**Input data**

•••

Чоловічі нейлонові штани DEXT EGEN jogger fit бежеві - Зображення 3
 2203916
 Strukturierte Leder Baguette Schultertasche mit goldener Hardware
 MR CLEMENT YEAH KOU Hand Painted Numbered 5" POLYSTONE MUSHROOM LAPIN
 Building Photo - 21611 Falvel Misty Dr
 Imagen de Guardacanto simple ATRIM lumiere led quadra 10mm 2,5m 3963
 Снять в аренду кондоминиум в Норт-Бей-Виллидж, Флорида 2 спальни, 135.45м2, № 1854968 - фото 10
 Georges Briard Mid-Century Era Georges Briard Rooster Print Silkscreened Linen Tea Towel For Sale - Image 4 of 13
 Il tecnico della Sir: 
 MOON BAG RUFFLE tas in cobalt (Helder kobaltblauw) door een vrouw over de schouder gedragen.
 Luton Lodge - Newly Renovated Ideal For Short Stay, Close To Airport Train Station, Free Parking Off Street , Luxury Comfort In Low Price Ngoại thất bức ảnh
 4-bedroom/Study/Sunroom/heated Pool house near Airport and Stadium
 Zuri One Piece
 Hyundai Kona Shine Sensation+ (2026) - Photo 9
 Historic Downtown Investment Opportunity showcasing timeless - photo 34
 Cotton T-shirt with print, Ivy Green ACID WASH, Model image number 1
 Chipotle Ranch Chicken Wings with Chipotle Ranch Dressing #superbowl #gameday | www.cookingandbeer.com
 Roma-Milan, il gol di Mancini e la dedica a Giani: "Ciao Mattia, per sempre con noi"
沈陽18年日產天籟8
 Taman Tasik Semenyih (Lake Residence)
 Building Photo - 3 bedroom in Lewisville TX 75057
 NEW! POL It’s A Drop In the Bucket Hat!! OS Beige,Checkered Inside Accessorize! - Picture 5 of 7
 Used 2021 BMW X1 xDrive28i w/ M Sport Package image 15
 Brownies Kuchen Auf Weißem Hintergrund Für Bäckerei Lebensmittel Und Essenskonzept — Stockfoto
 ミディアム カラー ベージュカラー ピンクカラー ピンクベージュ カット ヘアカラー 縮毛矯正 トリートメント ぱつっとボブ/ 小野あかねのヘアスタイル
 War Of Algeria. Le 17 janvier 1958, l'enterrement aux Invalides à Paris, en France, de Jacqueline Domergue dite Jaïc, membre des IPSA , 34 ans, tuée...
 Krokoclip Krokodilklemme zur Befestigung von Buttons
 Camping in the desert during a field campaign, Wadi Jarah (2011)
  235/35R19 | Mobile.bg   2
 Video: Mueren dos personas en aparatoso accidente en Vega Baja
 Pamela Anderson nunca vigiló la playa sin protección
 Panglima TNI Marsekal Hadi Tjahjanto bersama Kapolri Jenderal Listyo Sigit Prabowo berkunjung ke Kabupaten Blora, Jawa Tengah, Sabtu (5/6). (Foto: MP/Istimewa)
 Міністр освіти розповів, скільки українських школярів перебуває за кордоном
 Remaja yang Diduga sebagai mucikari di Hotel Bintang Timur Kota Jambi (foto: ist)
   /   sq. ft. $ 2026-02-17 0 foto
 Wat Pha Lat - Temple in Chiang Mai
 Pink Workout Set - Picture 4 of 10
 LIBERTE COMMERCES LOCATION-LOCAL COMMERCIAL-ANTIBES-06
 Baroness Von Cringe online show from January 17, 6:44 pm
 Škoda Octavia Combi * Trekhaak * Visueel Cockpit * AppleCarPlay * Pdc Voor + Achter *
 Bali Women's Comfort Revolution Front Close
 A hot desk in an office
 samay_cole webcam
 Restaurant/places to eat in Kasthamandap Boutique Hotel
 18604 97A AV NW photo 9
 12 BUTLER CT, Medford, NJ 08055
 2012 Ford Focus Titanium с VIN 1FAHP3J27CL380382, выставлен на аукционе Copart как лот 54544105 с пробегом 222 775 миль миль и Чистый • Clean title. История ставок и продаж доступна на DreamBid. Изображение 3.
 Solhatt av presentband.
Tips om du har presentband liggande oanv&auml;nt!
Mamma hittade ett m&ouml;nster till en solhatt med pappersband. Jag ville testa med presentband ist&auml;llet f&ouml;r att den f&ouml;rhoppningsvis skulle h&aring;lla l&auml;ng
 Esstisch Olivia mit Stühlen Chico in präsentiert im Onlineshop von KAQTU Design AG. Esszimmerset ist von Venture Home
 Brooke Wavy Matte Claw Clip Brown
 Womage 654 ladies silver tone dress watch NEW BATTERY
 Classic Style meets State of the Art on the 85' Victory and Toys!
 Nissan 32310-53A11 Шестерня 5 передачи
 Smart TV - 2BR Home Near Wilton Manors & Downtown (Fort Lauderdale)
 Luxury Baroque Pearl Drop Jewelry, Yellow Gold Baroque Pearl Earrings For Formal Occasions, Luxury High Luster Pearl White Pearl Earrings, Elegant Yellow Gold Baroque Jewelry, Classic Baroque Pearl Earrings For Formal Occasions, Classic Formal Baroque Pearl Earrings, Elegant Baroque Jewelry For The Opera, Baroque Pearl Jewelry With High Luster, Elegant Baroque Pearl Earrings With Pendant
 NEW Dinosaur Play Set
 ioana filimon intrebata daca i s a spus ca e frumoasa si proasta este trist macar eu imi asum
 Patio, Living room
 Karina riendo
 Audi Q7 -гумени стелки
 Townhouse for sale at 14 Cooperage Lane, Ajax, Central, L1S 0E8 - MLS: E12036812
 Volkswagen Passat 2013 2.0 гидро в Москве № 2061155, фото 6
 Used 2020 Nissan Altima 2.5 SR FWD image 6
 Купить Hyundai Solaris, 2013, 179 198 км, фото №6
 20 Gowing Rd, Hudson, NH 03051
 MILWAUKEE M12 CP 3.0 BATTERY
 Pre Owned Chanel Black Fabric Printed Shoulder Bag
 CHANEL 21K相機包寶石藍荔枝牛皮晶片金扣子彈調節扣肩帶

•••

**What you have to do**
Using the data above, reproduce exactly the lines between those holding "4-bedroom/Study/Sunroom/heated Pool house" and "Chipotle Ranch Chicken", inclusive, and no others.

**Output of the task**
 4-bedroom/Study/Sunroom/heated Pool house near Airport and Stadium
 Zuri One Piece
 Hyundai Kona Shine Sensation+ (2026) - Photo 9
 Historic Downtown Investment Opportunity showcasing timeless - photo 34
 Cotton T-shirt with print, Ivy Green ACID WASH, Model image number 1
 Chipotle Ranch Chicken Wings with Chipotle Ranch Dressing #superbowl #gameday | www.cookingandbeer.com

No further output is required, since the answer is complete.